Charlie and the Chocolate Factory on Screen

This coming weekend many young muggles will be absorbed by the latest in a certain fantastic series. Then again, maybe they'll feel harried at times and want a break from reading, in which case, it's fine that the remake of the movie of the equally fantastic Charlie and the Chocolate Factory opens this Friday.

The movie is based on one of the most wonderful children's books ever, which Shelf Awareness's John Mutter remembers adoring when a school librarian, bless her, read it aloud soon after publication. Whimsical, cutting, hilarious, gratifying, it has a sensibility that resonates for adults. Originally published in 1964, it has sold more than 13.7 million copies worldwide.

Directed by Tim Burton of Big Fish and Edward Scissorhands fame with a screenplay by John August and starring Johnny Depp as Willie Wonka, the movie seems promising--and more appealing than the 1971 movie that author Roald Dahl reportedly disliked intensely. Besides not changing the name (the earlier movie was called Willie Wonka and the Chocolate Factory), most of the songs by Danny Elfman use Dahl's wonderful words.

Johnny Depp is doing his best to promote the movie, appearing on the Today Show today and on the Tonight Show on Wednesday.
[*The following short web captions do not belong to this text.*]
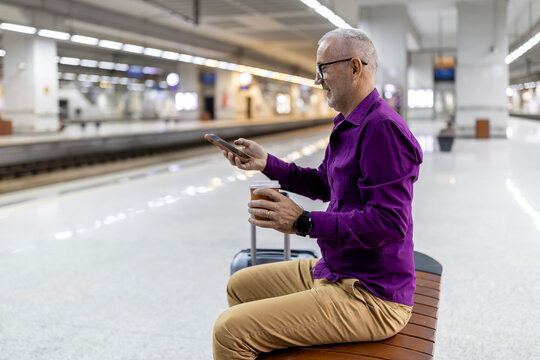 Mature man checking smartphone at train station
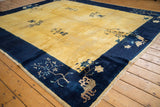 Pictorial potted plants and blossoms on the indigo border of a vintage Peking rug.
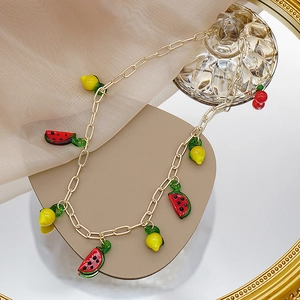 Détail d'un collier doré avec breloques fruits pastèque et cerise sur un miroir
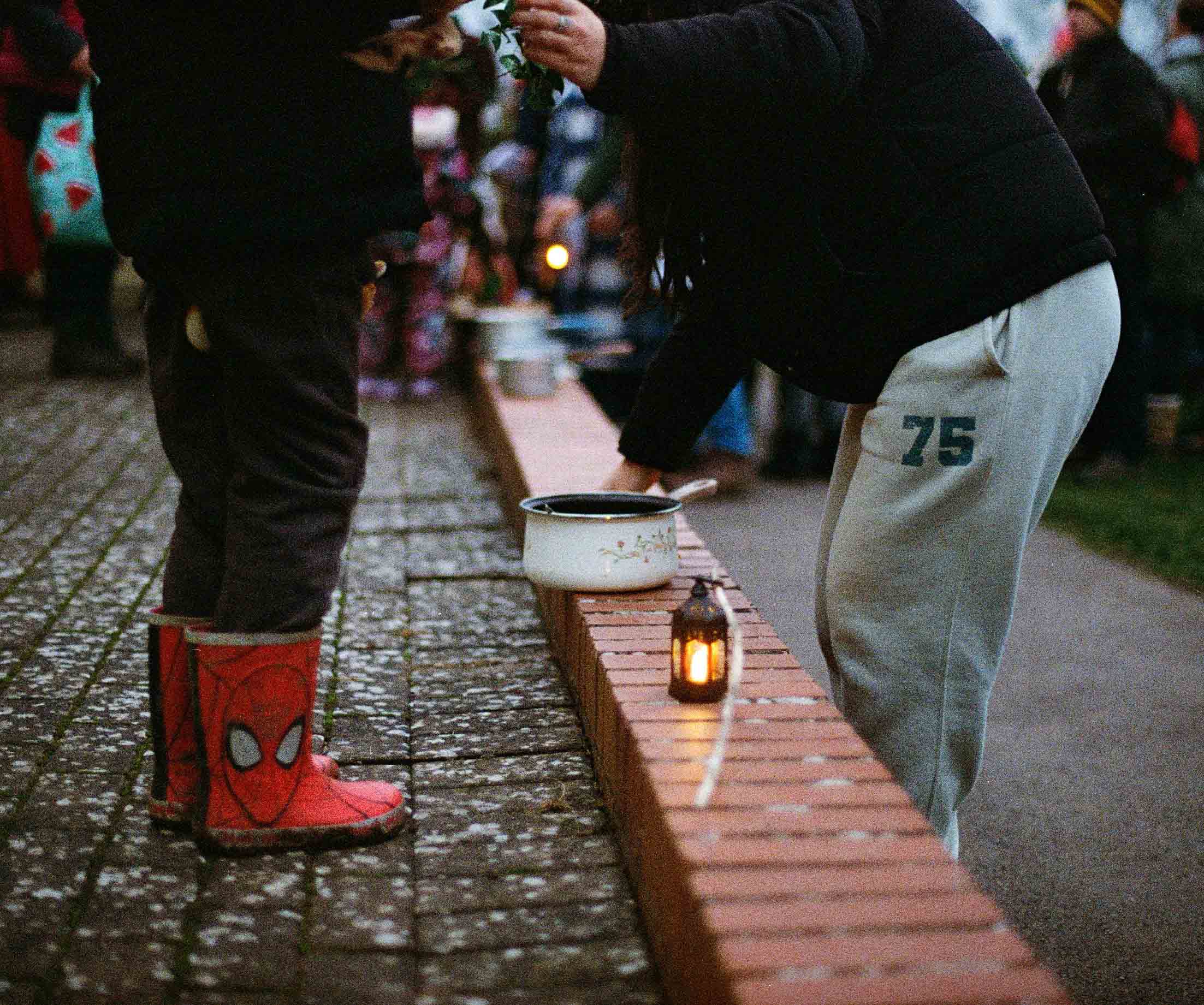 A mother helps her child above decorated enamel pot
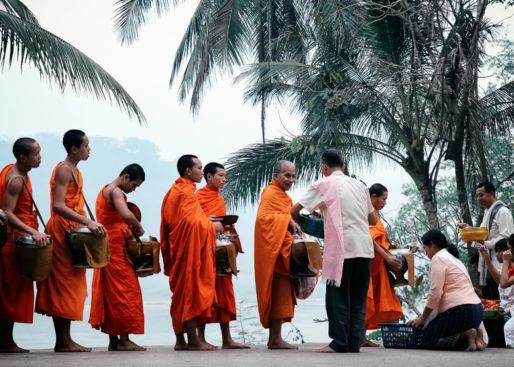 alms giving ceremony that takes places on the streets of Luang Prabang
On Thursday, he'll appear with Freddie Highmore, who plays Charlie Bucket, on the Today Show. Highmore appears on Today all by himself on Wednesday, and Anna Sophia Robb, who plays Violet Beauregarde, appears on the same show on Tuesday.

There are many official tie-in titles. Puffin is publishing the official paperback tie-in with illustrations by Quentin Blake ($6.99, 0142403881) as well as a picture book tie-in ($6.99, 0142404209).

Knopf Books for Young Readers has the hardcover tie-in edition also with illustrations by Quentin Blake ($14.95, 0375834605). Besides the usual movie art on the jacket, this book has an eight-page full-color photo insert. Knopf additionally has a library binding tie-in edition ($16.99, 037593460X).

HarperAudio has the tie-in unabridged CD ($25.95, 0060852801), which is read by Eric Idle of Monty Python fame, an inspired choice.

Of course, there's more. In fact, it's practically a Charlie and the Chocolate Factory factory. Penguin is offering the Charlie and the Chocolate Factory Scrumdiddlyumptious Joke Book ($5.99, 014240389X), and its Price Stern Sloan imprint has several tie-in titles:
  • Roald Dahl's Charlie and the Chocolate Factory Color and Draw ($3.99, 0843116366).
  • Roald Dahl's Charlie and the Chocolate Factory Activity Book ($4.99, 0843116277).
  • Roald Dahl's Charlie and the Chocolate Factory Sticker Book ($4.99, 0843116269).

There are even tie-in editions of Charlie and the Great Glass Elevator ($6.99, 0142404128) and D Is for Dahl by Wendy Cooling with illustrations by Quentin Blake (Penguin, $15.99, 0670060232), which has facts and trivia about Dahl and his creations. (Among his other wonderful children's books: James and the Giant Peach.)